On October 4, 1989, appellants filed a complaint against Allied Systems and the IBT alleging violations of Section 101 of the Labor Management Reporting and Disclosure Act of 1959 ("LMRDA"), 29 U.S.C. Sec. 411 et seq., and Section 301 of the Labor Management Relations Act ("LMRA"), 29 U.S.C. Sec. 185 et seq. Appellants claimed that Allied Systems and the IBT "intentionally conspired" to violate appellants' LMRDA rights when the Joint Arbitration Committee approved the consolidation of Auto Convoy and Motor Convoy and the cancellation of the Auto Convoy rider.2 In addition to filing their complaint, appellants requested a temporary restraining order ("TRO") to enjoin implementation of the Joint Arbitration Committee's decision approving the consolidation.

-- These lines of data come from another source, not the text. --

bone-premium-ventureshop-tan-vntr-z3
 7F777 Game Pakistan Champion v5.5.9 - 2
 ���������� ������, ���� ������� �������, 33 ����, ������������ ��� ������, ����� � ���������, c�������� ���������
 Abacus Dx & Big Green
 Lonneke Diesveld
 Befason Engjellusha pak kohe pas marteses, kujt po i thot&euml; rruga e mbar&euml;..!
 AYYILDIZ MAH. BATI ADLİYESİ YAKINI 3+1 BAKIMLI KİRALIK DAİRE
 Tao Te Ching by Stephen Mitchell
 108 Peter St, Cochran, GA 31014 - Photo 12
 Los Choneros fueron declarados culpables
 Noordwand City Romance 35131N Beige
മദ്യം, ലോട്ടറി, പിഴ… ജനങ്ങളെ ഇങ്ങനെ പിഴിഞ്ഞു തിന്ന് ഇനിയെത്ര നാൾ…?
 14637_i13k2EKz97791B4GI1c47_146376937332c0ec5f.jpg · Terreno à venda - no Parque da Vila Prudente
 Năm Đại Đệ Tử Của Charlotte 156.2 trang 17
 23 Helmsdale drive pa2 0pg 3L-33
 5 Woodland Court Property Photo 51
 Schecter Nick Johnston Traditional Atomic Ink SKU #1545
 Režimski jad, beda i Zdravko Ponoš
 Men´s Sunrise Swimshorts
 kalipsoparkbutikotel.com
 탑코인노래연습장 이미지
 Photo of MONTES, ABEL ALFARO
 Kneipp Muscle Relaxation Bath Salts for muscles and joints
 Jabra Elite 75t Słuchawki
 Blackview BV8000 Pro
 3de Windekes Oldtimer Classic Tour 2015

On October 5, 1989, during a telephone conference with counsel for all parties, the district court denied appellants' request for a TRO. Appellants then filed an emergency motion for an injunction pending appeal with this Court. On October 16, 1989, this Court dismissed appellants' appeal on jurisdictional grounds, ruling that an appeal from an order denying a TRO is not immediately appealable. See Colson, et al. v. Allied Systems, Ltd., et al., No. 89-6264 (6th Cir., Oct. 16, 1989) (order dismissing appeal of district court's order denying plaintiffs' motion for TRO).